Farm,Grade,Sheep,Field,Area,Red,Green,Blue,Count
Glensloy,smooth,3465,5,1.0,0.7843137383460999,0.5764706134796143,0.5137255191802979,1
Glensloy,smooth,3465,5,23.375,0.7505541495654894,0.18942882217790769,0.25200341577115265,23
Glensloy,smooth,3465,5,16.25,0.8262255005538464,0.21200980711728334,0.27990197017788887,16
Glensloy,smooth,3465,5,23.125,0.7923351282423193,0.22834225337613712,0.3222816484895619,22
....

They usually start with a line of field headings, then follow lines of data fields.

I found that .csv files do not process readily with normal Linux utilities, but I discovered two packages which are specific for processing .csv files.
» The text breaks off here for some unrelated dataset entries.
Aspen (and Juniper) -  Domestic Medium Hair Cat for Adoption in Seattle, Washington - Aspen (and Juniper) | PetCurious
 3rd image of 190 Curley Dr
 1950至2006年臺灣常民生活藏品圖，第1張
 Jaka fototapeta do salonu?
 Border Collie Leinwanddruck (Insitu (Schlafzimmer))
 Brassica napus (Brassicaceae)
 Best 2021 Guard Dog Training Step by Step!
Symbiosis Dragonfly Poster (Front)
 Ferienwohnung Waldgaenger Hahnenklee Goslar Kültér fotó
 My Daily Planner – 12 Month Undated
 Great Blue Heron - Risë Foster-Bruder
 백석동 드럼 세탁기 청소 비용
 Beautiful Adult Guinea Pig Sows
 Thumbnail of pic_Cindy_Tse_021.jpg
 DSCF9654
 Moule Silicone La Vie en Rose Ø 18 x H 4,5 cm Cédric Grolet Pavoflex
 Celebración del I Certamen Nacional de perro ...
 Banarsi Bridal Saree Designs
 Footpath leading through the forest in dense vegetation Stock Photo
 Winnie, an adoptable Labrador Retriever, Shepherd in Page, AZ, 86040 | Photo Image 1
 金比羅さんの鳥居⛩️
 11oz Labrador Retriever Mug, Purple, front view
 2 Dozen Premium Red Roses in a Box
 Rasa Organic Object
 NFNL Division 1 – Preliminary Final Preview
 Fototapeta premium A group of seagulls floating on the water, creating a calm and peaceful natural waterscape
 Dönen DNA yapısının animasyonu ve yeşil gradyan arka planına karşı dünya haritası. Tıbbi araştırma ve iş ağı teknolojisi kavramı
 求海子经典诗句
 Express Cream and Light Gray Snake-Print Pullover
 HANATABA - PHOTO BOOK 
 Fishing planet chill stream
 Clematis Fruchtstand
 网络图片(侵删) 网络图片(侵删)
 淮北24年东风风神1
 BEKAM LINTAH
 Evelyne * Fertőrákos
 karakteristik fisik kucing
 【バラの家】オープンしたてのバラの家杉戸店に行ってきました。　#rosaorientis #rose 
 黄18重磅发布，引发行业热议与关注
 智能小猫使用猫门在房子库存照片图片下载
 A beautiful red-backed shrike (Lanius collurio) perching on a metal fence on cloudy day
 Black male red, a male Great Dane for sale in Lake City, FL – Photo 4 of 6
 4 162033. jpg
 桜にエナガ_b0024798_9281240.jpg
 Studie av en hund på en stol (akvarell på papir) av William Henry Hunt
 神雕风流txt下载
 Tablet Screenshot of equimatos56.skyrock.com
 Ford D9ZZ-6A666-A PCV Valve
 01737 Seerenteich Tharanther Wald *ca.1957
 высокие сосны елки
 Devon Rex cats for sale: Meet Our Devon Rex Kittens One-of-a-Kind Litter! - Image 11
They are called csvkit and miller.

Installation

The packages csvkit and miller are available in Debian based and Arch based distros.
Lets install them in my MX

apt install csvkit csvkit-doc
apt install miller

Simple. What you get is a whole set of new commands specifically for .csv files

$ man -k csv
csv2rec (1)          - csv to rec converter
csvclean (1)         - manual page for csvclean 1.0.7
csvcut (1)           - manual page for csvcut 1.0.7
csvformat (1)        - manual page for csvformat 1.0.7
csvgrep (1)          - manual page for csvgrep 1.0.7
csvjoin (1)          - manual page for csvjoin 1.0.7
csvjson (1)          - manual page for csvjson 1.0.7
csvlook (1)          - manual page for csvlook 1.0.7
csvpy (1)            - manual page for csvpy 1.0.7
csvsort (1)          - manual page for csvsort 1.0.7
csvsql (1)           - manual page for csvsql 1.0.7
csvstack (1)         - manual page for csvstack 1.0.7
csvstat (1)          - manual page for csvstat 1.0.7
in2csv (1)           - manual page for in2csv 1.0.7
mlr (1)              - - like awk, sed, cut, join, and sort for name-indexed data such as CSV and t...
pedigree (1)         - create a TeX file for pedigree from a csv file
rec2csv (1)          - rec to csv converter
sql2csv (1)          - manual page for sql2csv 1.0.7
Text::CSV (3pm)      - comma-separated values manipulator (using XS or PurePerl)
Text::CSV_PP (3pm)   - Text::CSV_XS compatible pure-Perl module
Text::CSV_XS (3pm)   - comma-separated values manipulation routines

mlr comes from the miller package, the others ar efrom csvkit. mlr provides subcommands emulating awk,sed,cut,join,sort for .csv files ( and also JSON).

The csvkit commands

There is no general man page for csvkit. There are individualman pages for the utilities listed above… csv2rec, csvvlean, csvcut, csvformat, csvgrep, csvjoin, csvjson, csvlook, csvpy, csvsort, csvsql, csvstack, csvstat, in2csv, pedigree, rec2csv.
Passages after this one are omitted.